[23] Prof. Huxley, in one of his latest utterances, puts this point strongly: "The practice of what is ethically best—what we call goodness or virtue—involves a course of conduct which, in all respects, is opposed to that which leads to success in the cosmic struggle for existence. In place of ruthless self-assertion, it demands self-restraint; in place of thrusting aside, or treading down, all competitors, it requires that the individual shall not merely respect, but shall help his fellows; its influence is directed, not so much to the survival of the fittest, as to the fitting of as many as possible to survive." Lecture at Oxford on "Ethics and Evolution."
[24] See Dr. Martineau's Types of Ethical Theory, II, pp. 5, 99–110.
[25] W. Whewell, Elements of Morality, Sect. 275.
[26] The Doctrine of Morality, by Dr. R. B. Fairbairn (Whitaker, N. Y., 1887), pp. 109–113.
[27] This feature is recognized in what is usually termed "formal freedom," i. e. that psychical capacity of rational choice which is essentially formative of "personality." To lose this would be the loss of personality. Whether the power of free choice between good and evil is impaired in man's corrupt state, being put in bondage or subserviency to a depraved love of sin, is quite a different question.
[28] "Liberum arbitrium habetur, quando positis ad agendum requisitis, potest quis agere vel non agere." Quoted from W. S. Lilly's Right and Wrong, p. 104, 2d Ed., London, Chapman and Hall.
[29] Part I, Chap. VI.
[30] Materialistic evolution, which holds matter as being the energy and cause of all things, leaves no place for free-will, because in truth it leaves no place for mind.
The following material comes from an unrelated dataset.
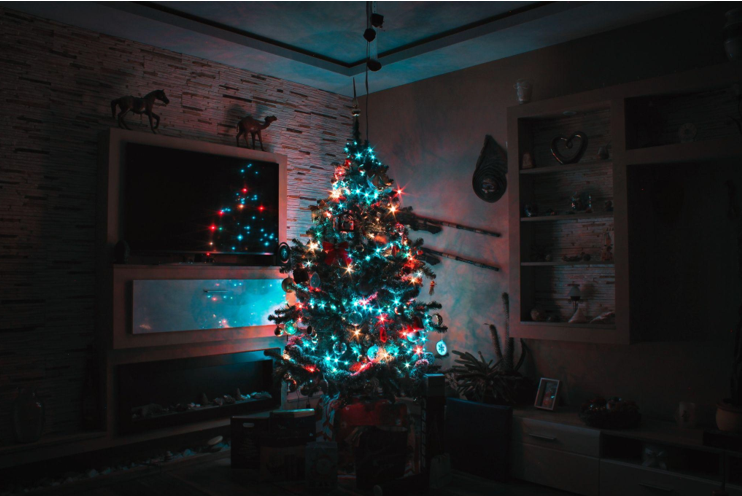 Add Sparkle to Your Christmas Morning with Artificial Christmas Trees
For "mind" or "soul" as a real entity or being which thinks, feels and wills, it substitutes mere "mentality" as an effect of atomic or molecular changes in the brain. "Mind," as a self-conscious spirit that itself self-knowingly acts, is repudiated. Nothing is left but a series of sensations, thoughts and wishes that are as truly physically-produced effects as are the varied perfumes of flowers, the fall of rain or the waves of the sea. No selfhood remains in man but the physical organism which, in material causation, gives out the various forms of products or manifestations denominated "mental." But this materialistic theory is not science. It not only stands contradicted by the common judgment of mankind in all ages, but breaks down utterly in the presence of scientific psychology. For this finds among its unquestionable and irreducible facts a real self-conscious subject or self back of the series of thoughts, emotions and volitions, holding all these psychical experiences in its unitary consciousness, and, with its memories of the past, carrying its personal identity through present activity on into the future. The series of mental experiences, in the theory, are independent of each other and dependent only on the brain changes which directly produce them, and thus, by necessity, ignorant of each other. Personal identity, therefore, is full disproof of the theory. For personal identity rests in a single abiding consciousness, in which all separate mental acts are known as its own acts, the materials for memory and comparison. The truth is, that all moral distinctions arise out of the conviction that each individual, in the center of his personality, is a soul, itself determining its rational choices and responsible for the conduct of life.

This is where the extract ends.